The second case, Whitaker v. Body, Art, and Soul Tattoos Los Angeles, LLC, involved a tattoo parlor which Whitaker alleged lacked “accessible sales counters” causing him “difficulty and discomfort.” The Ninth Circuit again found standing, but explained the allegations were too “vague” to state a claim for relief because the “specific deficiencies in the sales counters” were not identified. It affirmed the district court’s granting of the motion to dismiss on that basis.

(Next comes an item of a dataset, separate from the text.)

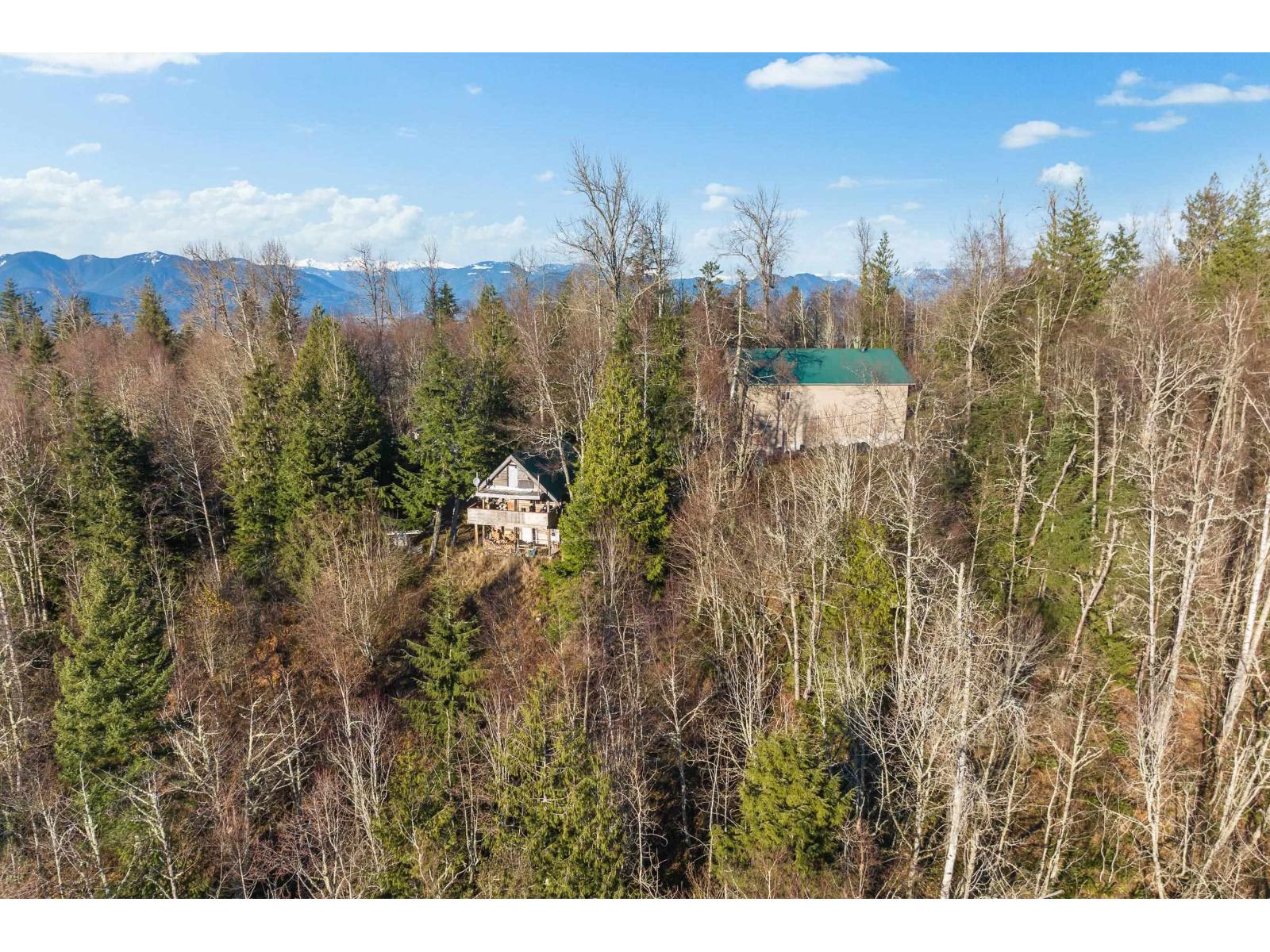 49780 Lookout Road Property Photo 4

In the third case, Whitaker alleged he encountered “inaccessible service counters” at an auto dealership which caused him “difficulty and discomfort” and which deterred him from returning. The Ninth Circuit again found standing, but affirmed dismissal of the complaint. The court stated that under Iqbal/Twombly, to state a claim for relief, Whitaker needed to allege “well pleaded facts, not legal conclusions.” Yet his complaint “failed to answer the basic questions: Were the service counters too low? Or too high? Were they positioned in an area that was inaccessible for another reason?” Without this detail, the complaint failed to state a claim for relief and was properly dismissed. The Ninth Circuit soundly rejected Whitaker’s plea for “more lenient treatment,” concluding, “we have never held that civil rights litigants are exempt from satisfying the pleading standard demanded by Iqbal and Twombly.”

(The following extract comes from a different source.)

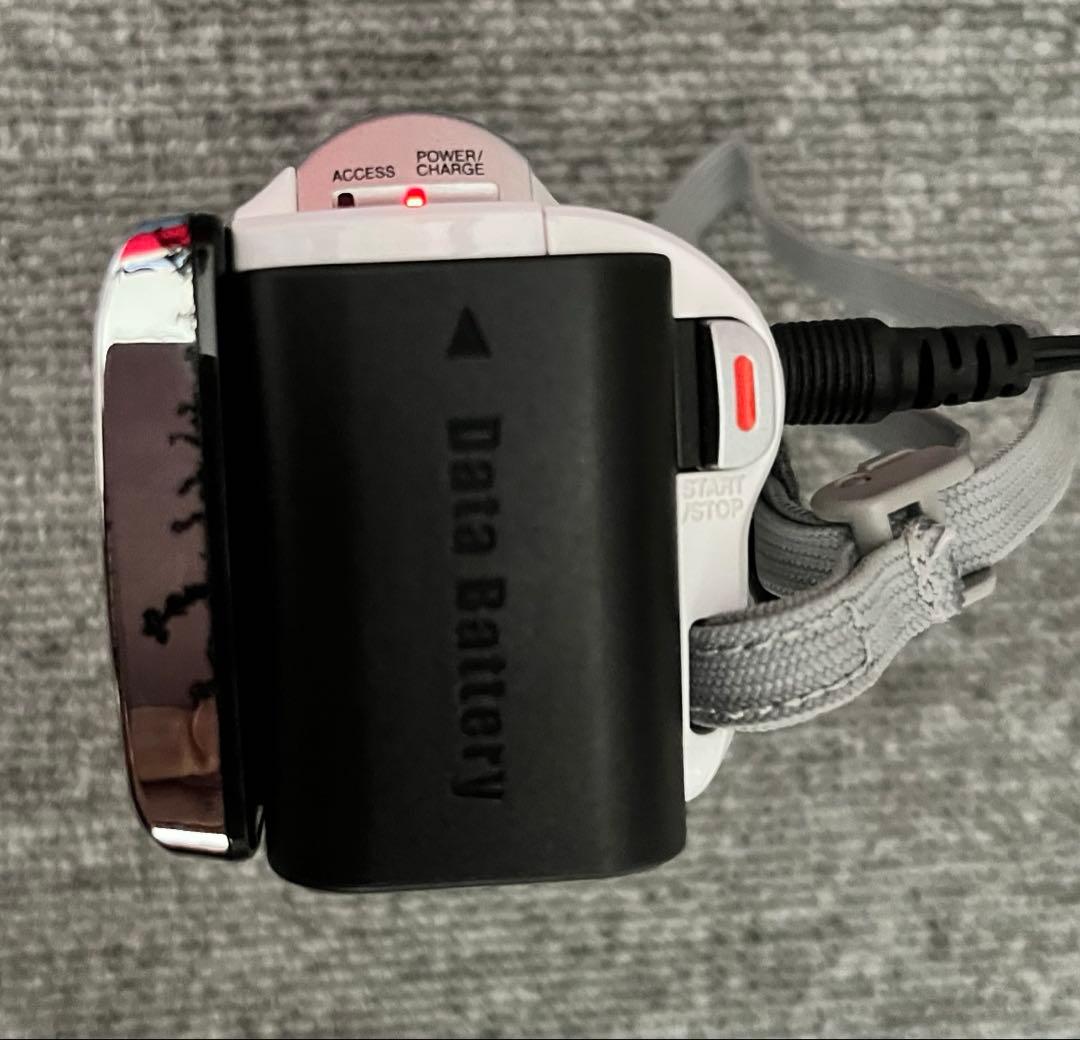 【Kzanavnjp 】JVC Everio GZ-HM33-w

In each of the cases, Whitaker stood on his allegations and did not amend his complaint to add the requisite factual details—even though the district courts permitted him to do so. While one might wonder why Whitaker chose that route, his arguments on appeal furnish the answer and some amusement. Whitaker took the position that providing details about the nature of alleged access barriers would provide a defendant with sufficient information to remediate and moot his ADA claims. The Ninth Circuit was not persuaded, responding that “defendants should be encouraged to remove barriers from their establishments. This is an important objective of the ADA.”
SUMMARY:
As this trilogy of cases makes clear, plaintiffs and lawyers in disability access cases must provide sufficient factual details to place defendants on notice of the nature of the barriers they allege they personally encountered and which allegedly denied them of full and equal access in order to state a claim. Gone are the days of vague and nondescript drive-by lawsuits for ADA compliance. Keep in mind that the US Department of Justice has stated that there only needs to be one issue for which a facility or entity is not compliant with the ADA laws in order for a complaint to be valid and proceed. Also, once a single valid complaint is established, a complete list of the subject location’s ADA violations affecting a Plaintiff, and the remedial measures necessary to remove these violations, may require a complete on-site inspection for ADA compliance by the Plaintiff’s representatives pursuant to Federal Rule of Civil Procedure 34. This Procedure 34 inspection should be conducted by an individual or entity that is educated, trained, and experienced in ADA compliance inspections.